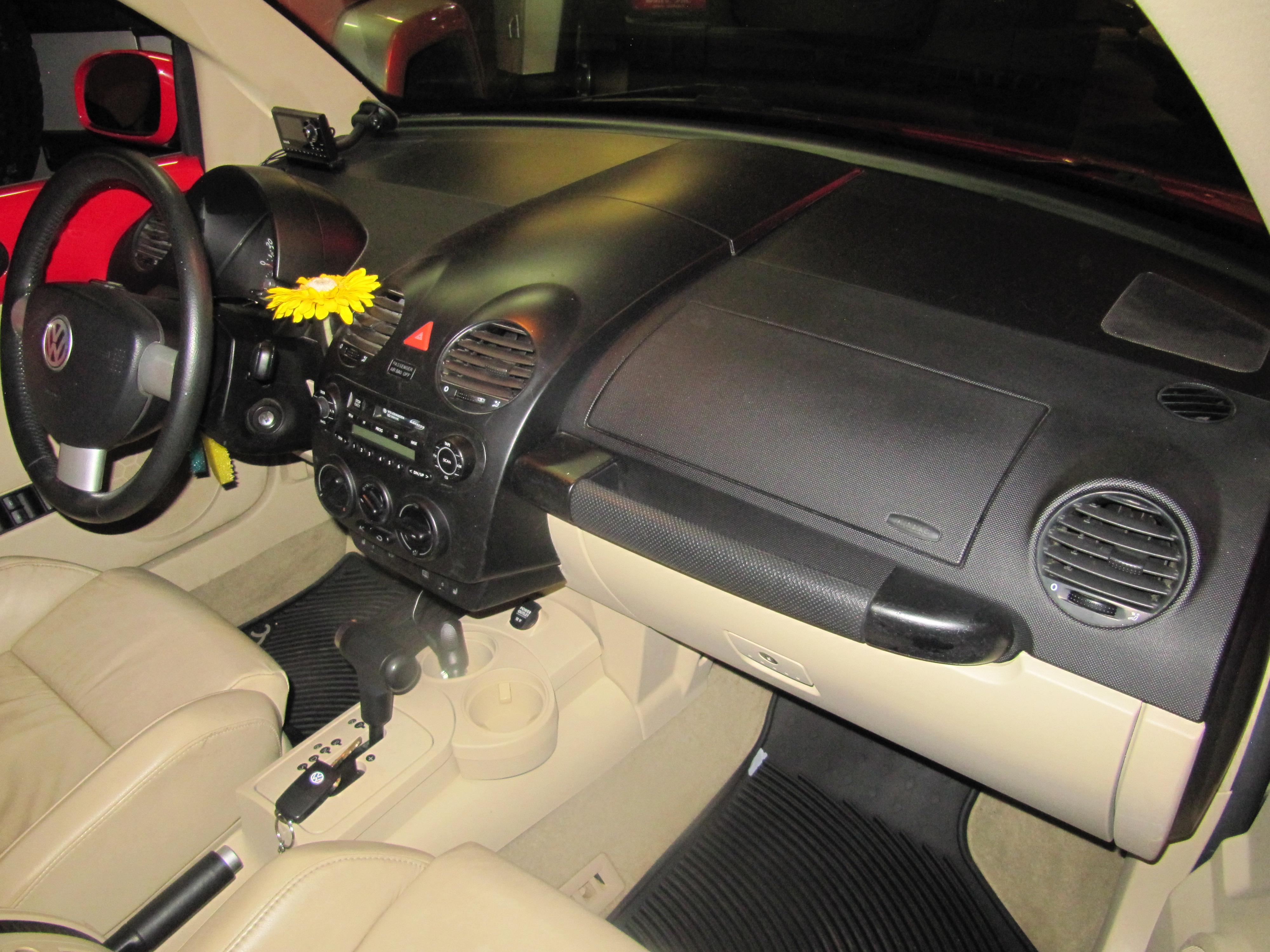 Used 2004 Volkswagen Beetle GLS Turbo Convertible FWD image 23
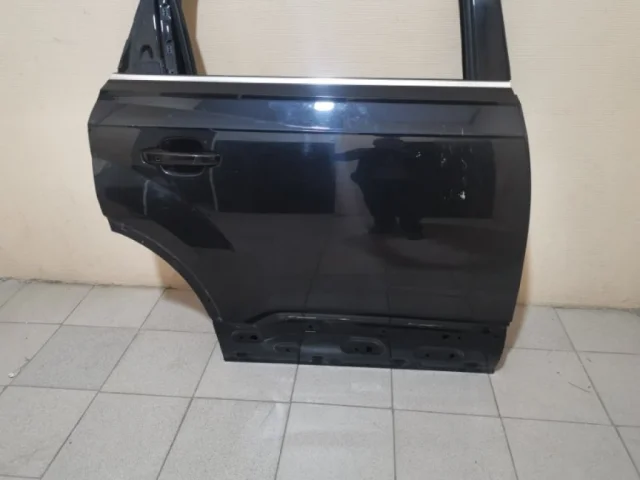 Дверь задняя правая для Audi Q7 4M 2015+ на фотографиях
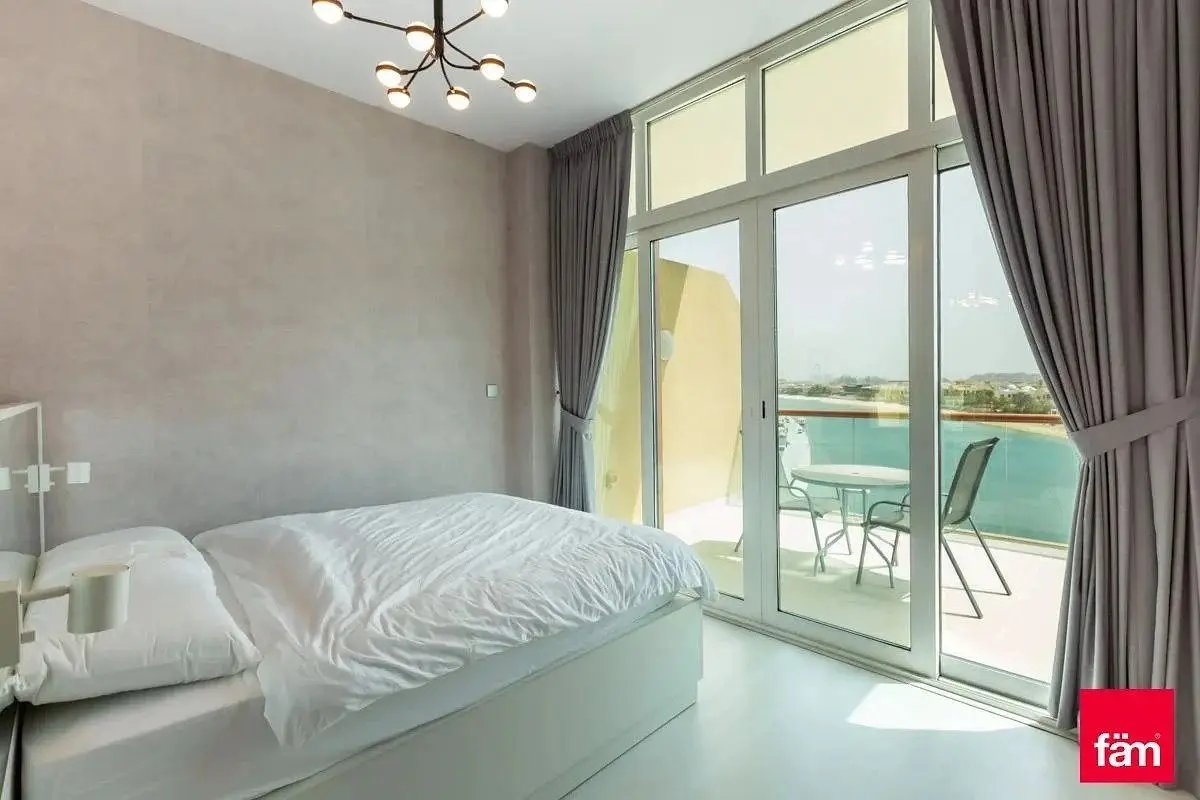 studio freehold apartment in Palm Jumeirah — photo 3 of 5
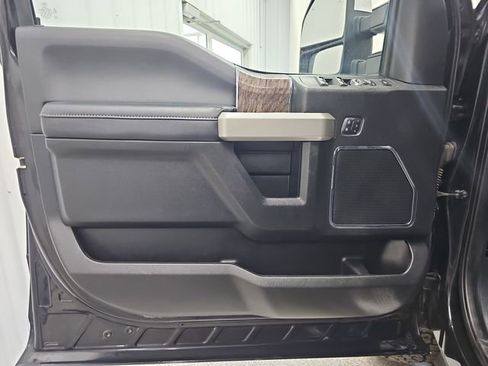 Used 2019 Ford F350 Lariat w/ Chrome Package image 10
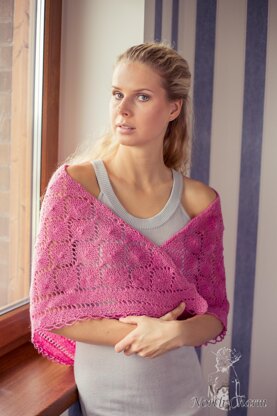 Knitted wool shawl "Mia"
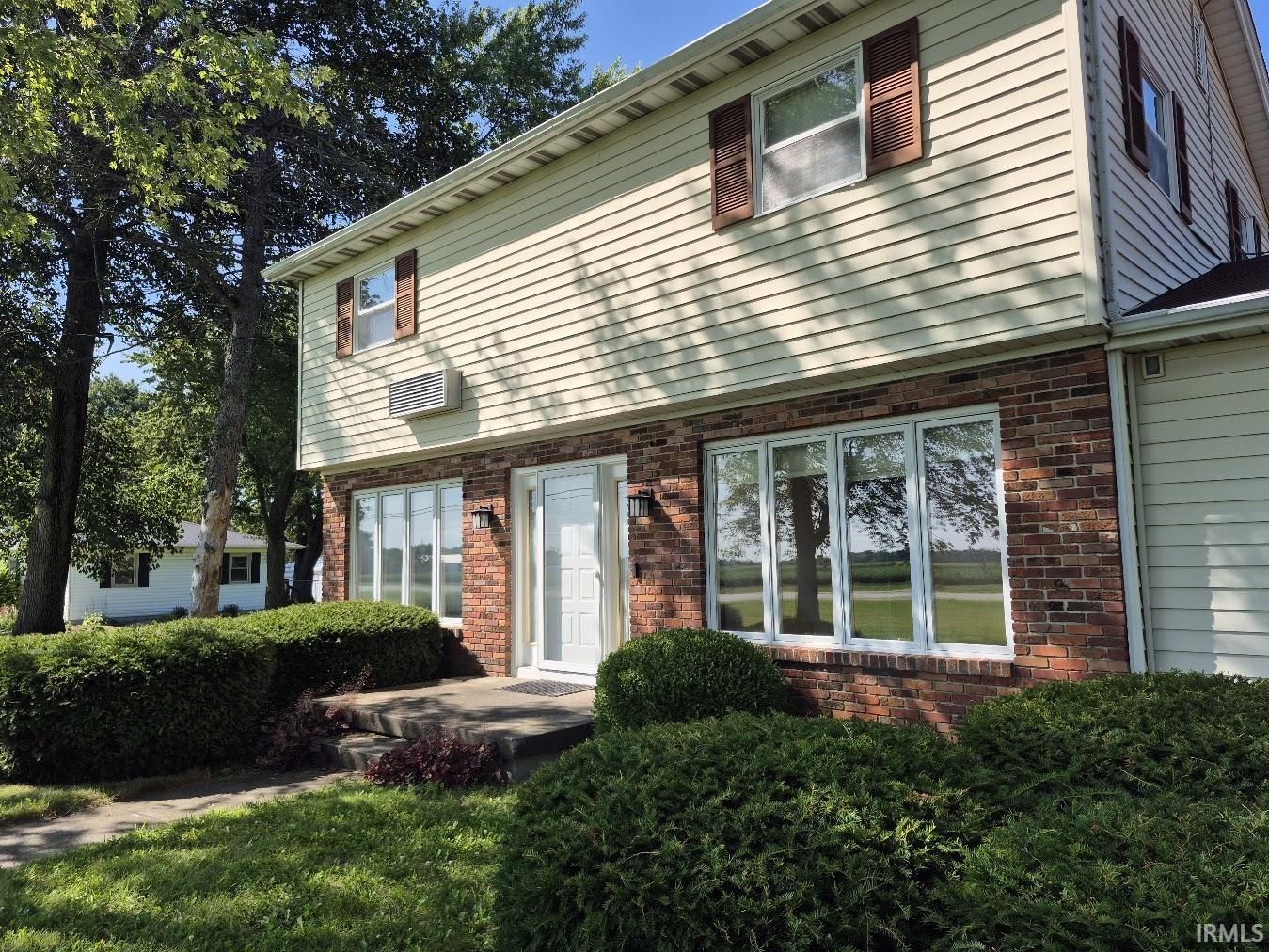 2nd image of 8866 W Delphi Pike Hwy, Converse, IN 46919 | MLS# 202631693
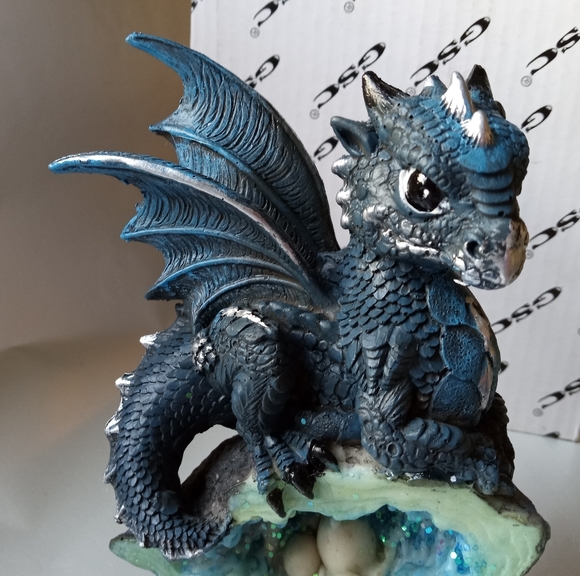 Blue Baby Dragon on Rock w/ Crystal Egg Figurine New in Box! - Picture 2 of 8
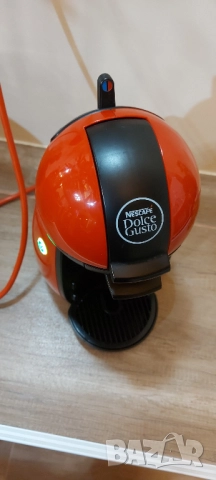 Dolce Gusto Krups - пингвин кафе машина с капсули на Долче Густо, снимка 4 - Кафемашини - 48169552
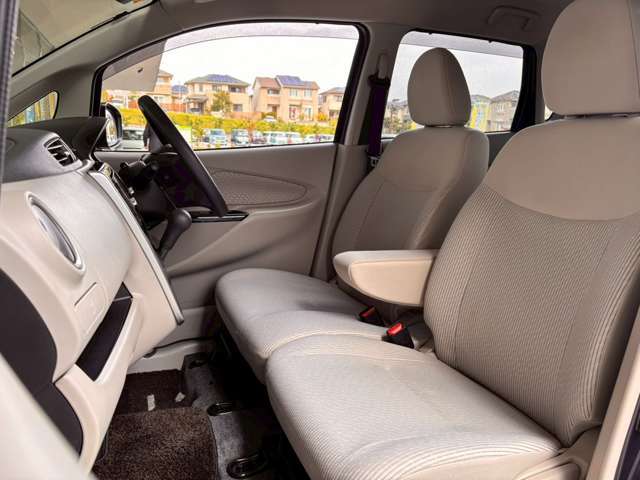 助手席も広々とお使い頂けます。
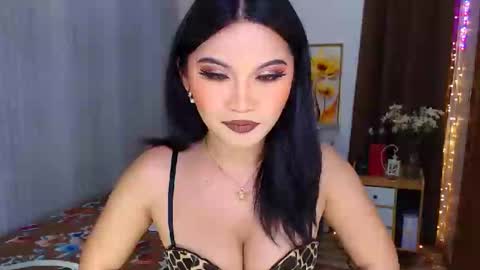Snapshot of youungsextdeity chatting on 01/28/25, 11:49 cathy online show from 01/28/25, 11:49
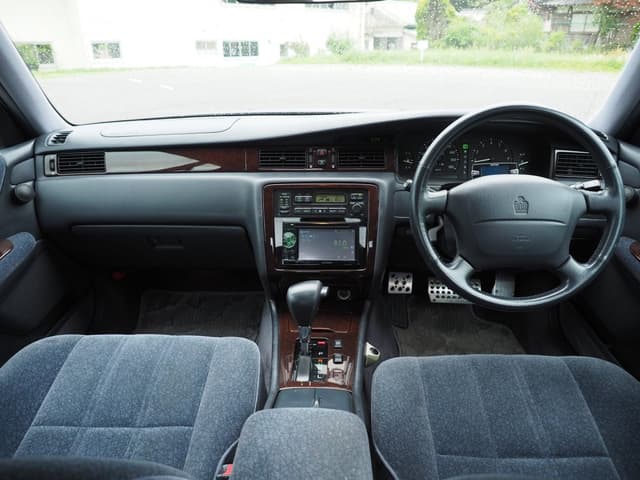 1995 Toyota Crown JDM car for sale — photo 11 of 17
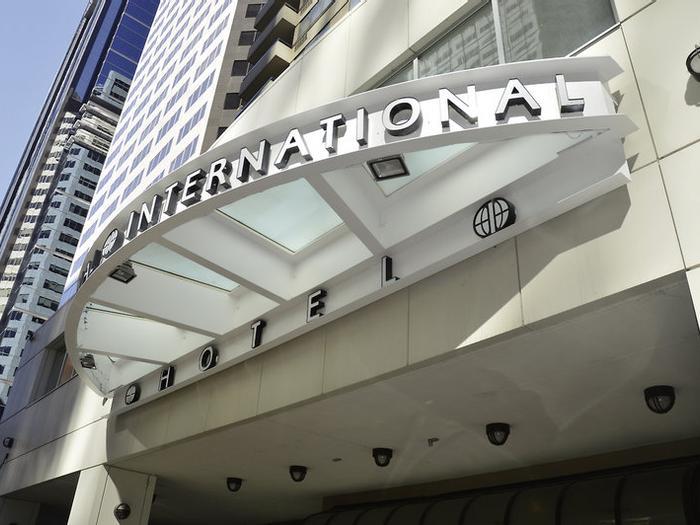 International Hotel Calgary - Bild 1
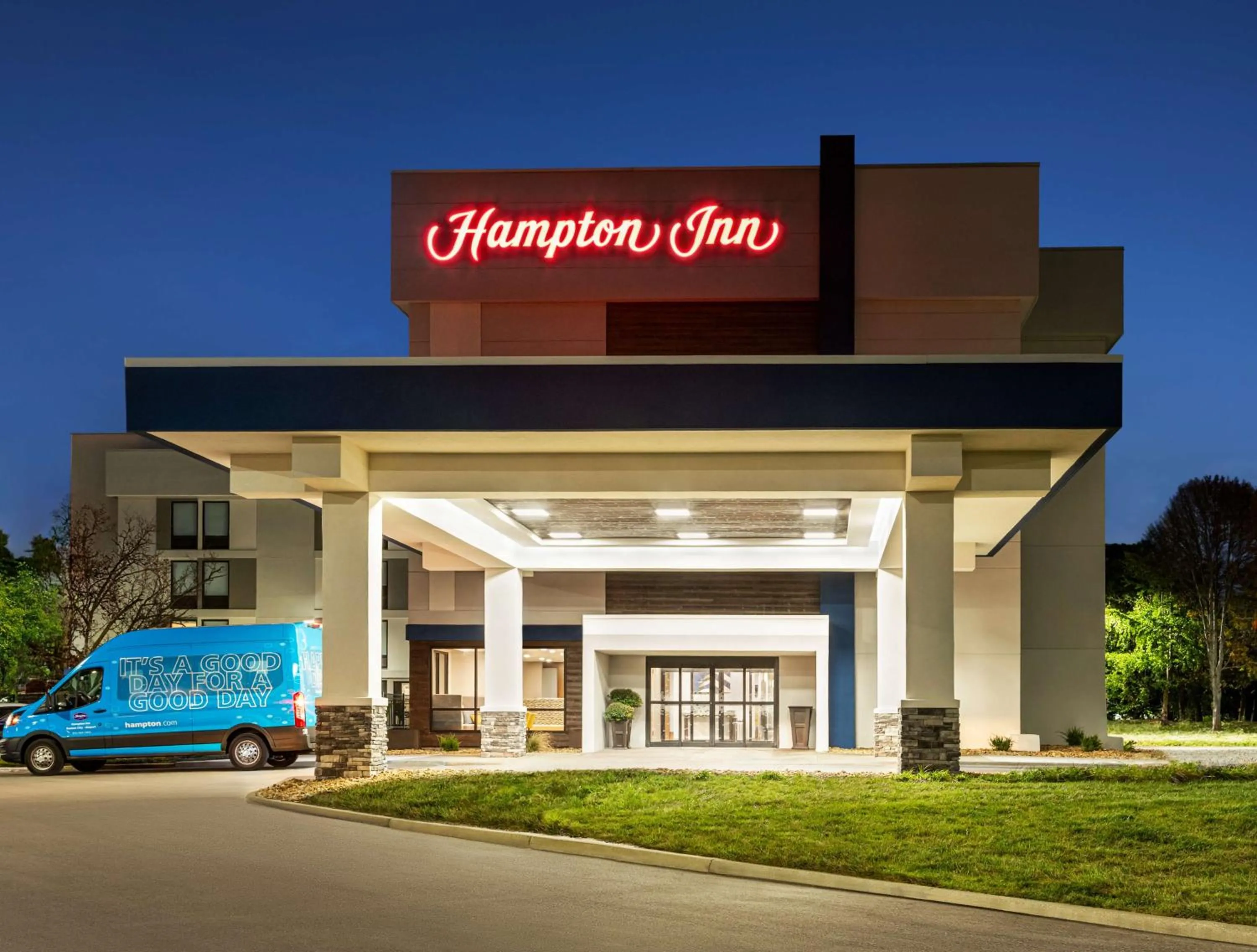 Property building in Hampton Inn Kansas City - Airport
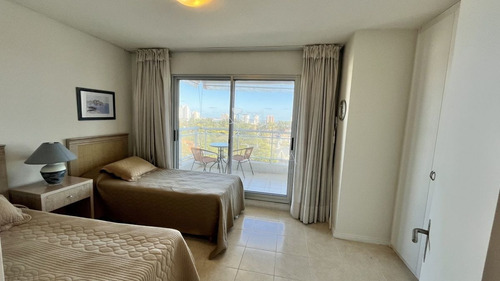 Imagen 11 de 13 de Venta Departamento 3 Dormitorios Con Garage - Punta Del Este Roosevelt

EXERCISE GOAL.
Each line above should be printed again exactly, though the pictures should not be.

OUTPUT OF THE TASK.
 Used 2004 Volkswagen Beetle GLS Turbo Convertible FWD image 23
 Дверь задняя правая для Audi Q7 4M 2015+ на фотографиях
 studio freehold apartment in Palm Jumeirah — photo 3 of 5
 Used 2019 Ford F350 Lariat w/ Chrome Package image 10
 Knitted wool shawl "Mia"
 2nd image of 8866 W Delphi Pike Hwy, Converse, IN 46919 | MLS# 202631693
 Blue Baby Dragon on Rock w/ Crystal Egg Figurine New in Box! - Picture 2 of 8
 Dolce Gusto Krups - пингвин кафе машина с капсули на Долче Густо, снимка 4 - Кафемашини - 48169552
 助手席も広々とお使い頂けます。
Snapshot of youungsextdeity chatting on 01/28/25, 11:49 cathy online show from 01/28/25, 11:49
 1995 Toyota Crown JDM car for sale — photo 11 of 17
 International Hotel Calgary - Bild 1
 Property building in Hampton Inn Kansas City - Airport
 Imagen 11 de 13 de Venta Departamento 3 Dormitorios Con Garage - Punta Del Este Roosevelt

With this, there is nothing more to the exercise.